What needs to be done:
When you reach a picture, leave it out; output everything else in the records exactly.
+-------+
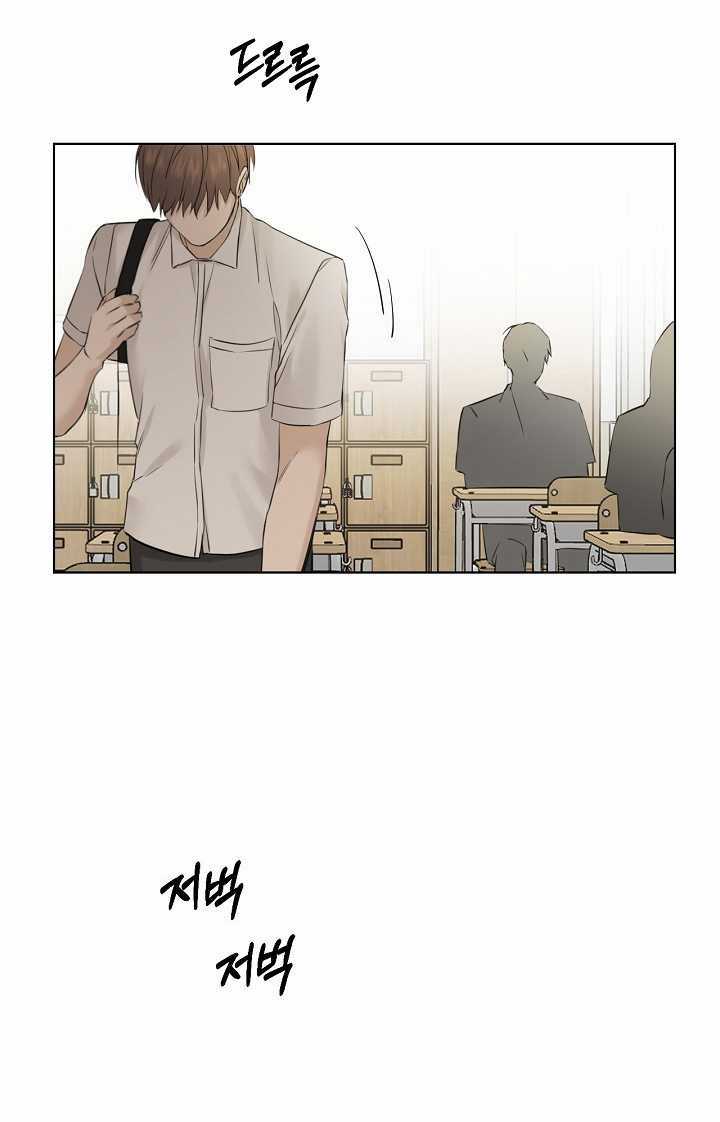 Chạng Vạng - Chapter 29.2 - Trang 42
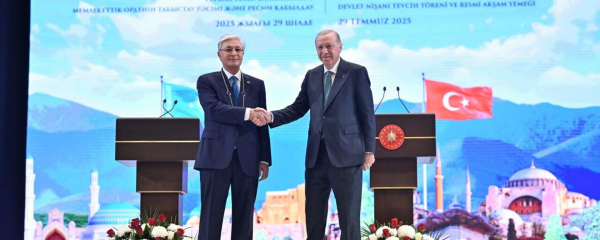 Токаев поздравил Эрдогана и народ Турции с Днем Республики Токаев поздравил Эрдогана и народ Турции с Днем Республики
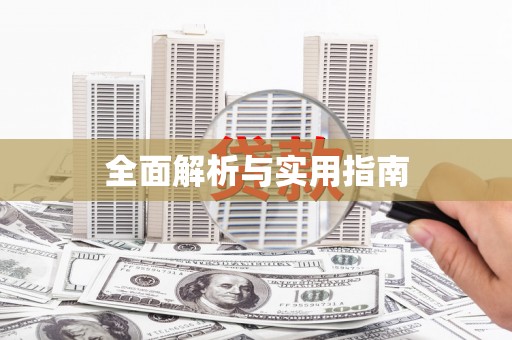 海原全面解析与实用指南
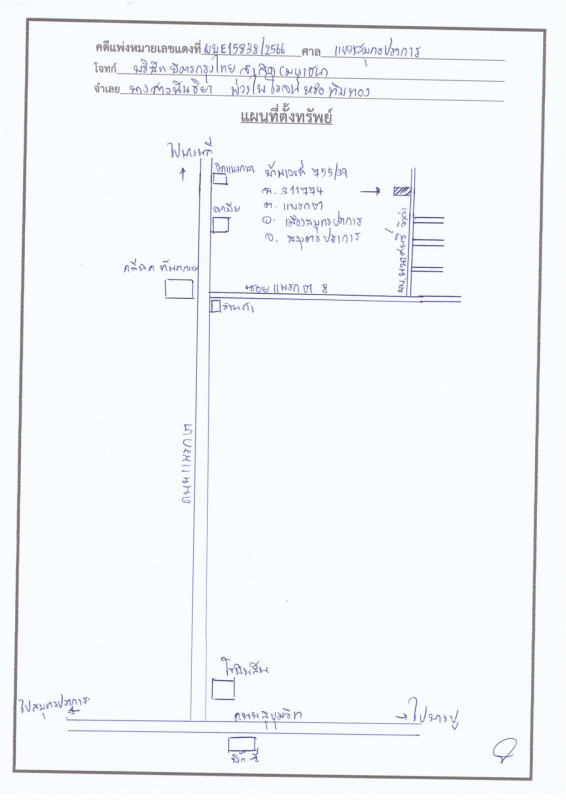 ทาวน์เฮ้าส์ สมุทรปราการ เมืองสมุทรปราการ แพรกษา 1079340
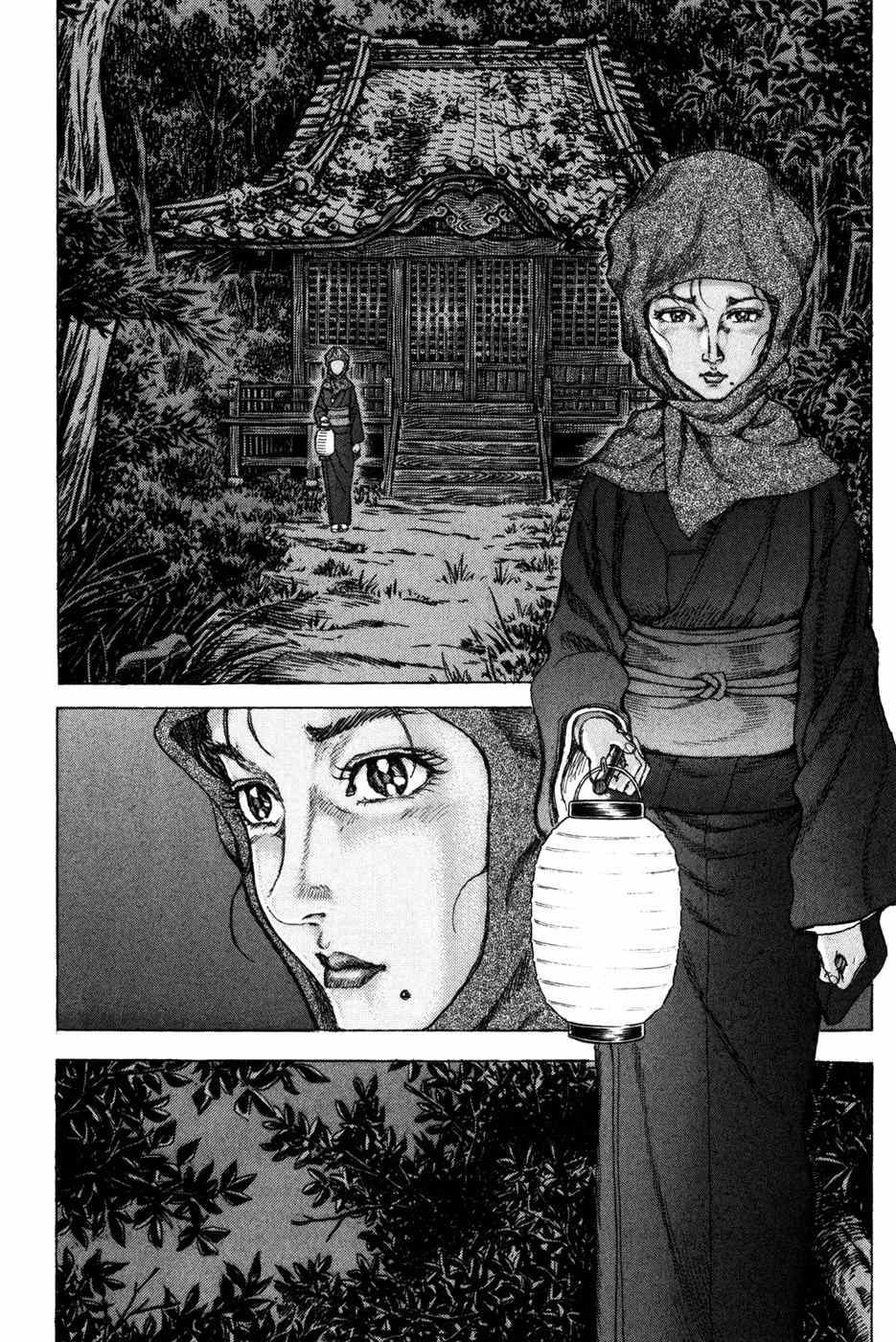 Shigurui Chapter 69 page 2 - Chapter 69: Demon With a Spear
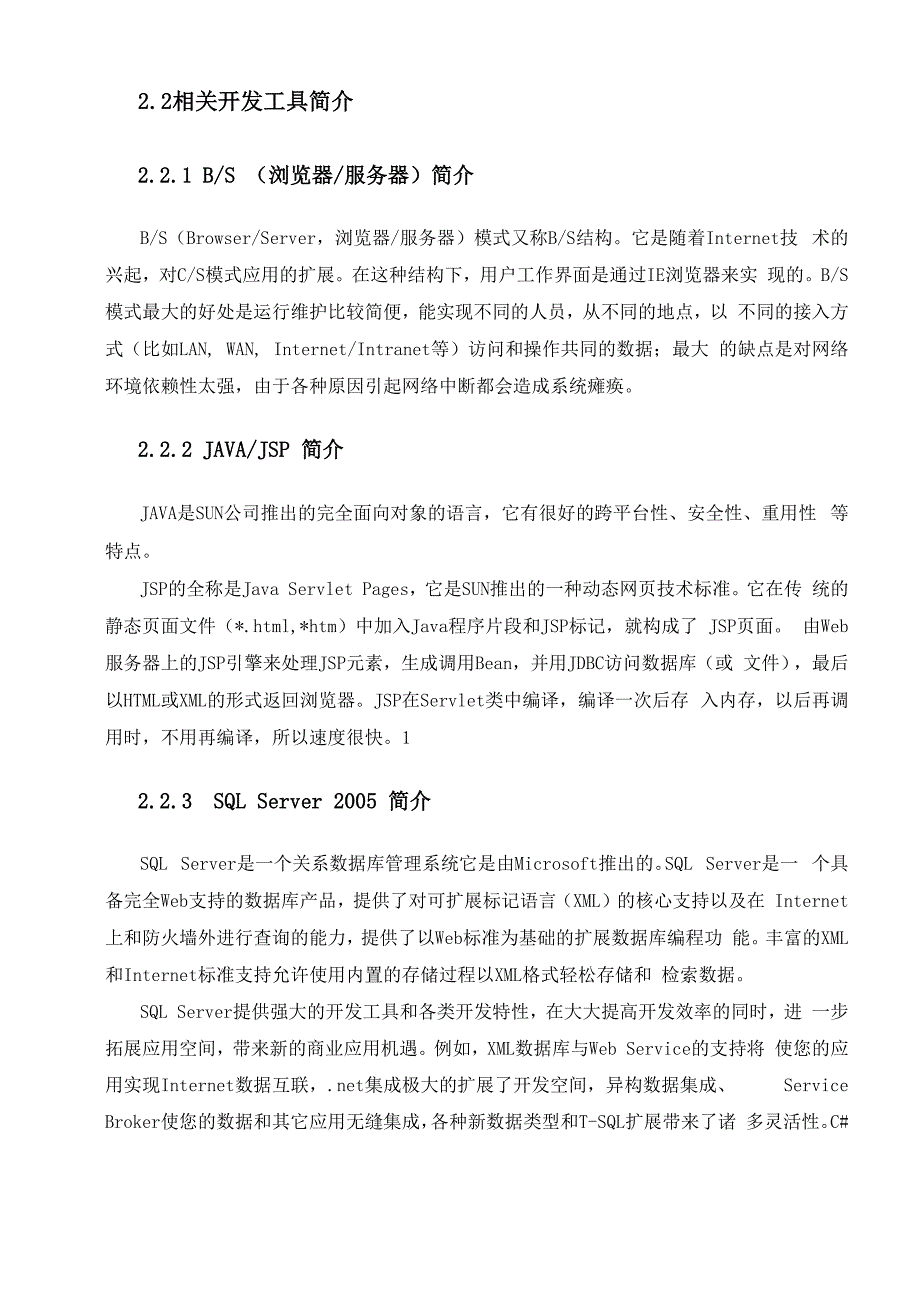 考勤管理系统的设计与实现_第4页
+-------+
Result below:
 Chạng Vạng - Chapter 29.2 - Trang 42
 Токаев поздравил Эрдогана и народ Турции с Днем Республики Токаев поздравил Эрдогана и народ Турции с Днем Республики
 海原全面解析与实用指南
 ทาวน์เฮ้าส์ สมุทรปราการ เมืองสมุทรปราการ แพรกษา 1079340
 Shigurui Chapter 69 page 2 - Chapter 69: Demon With a Spear
 考勤管理系统的设计与实现_第4页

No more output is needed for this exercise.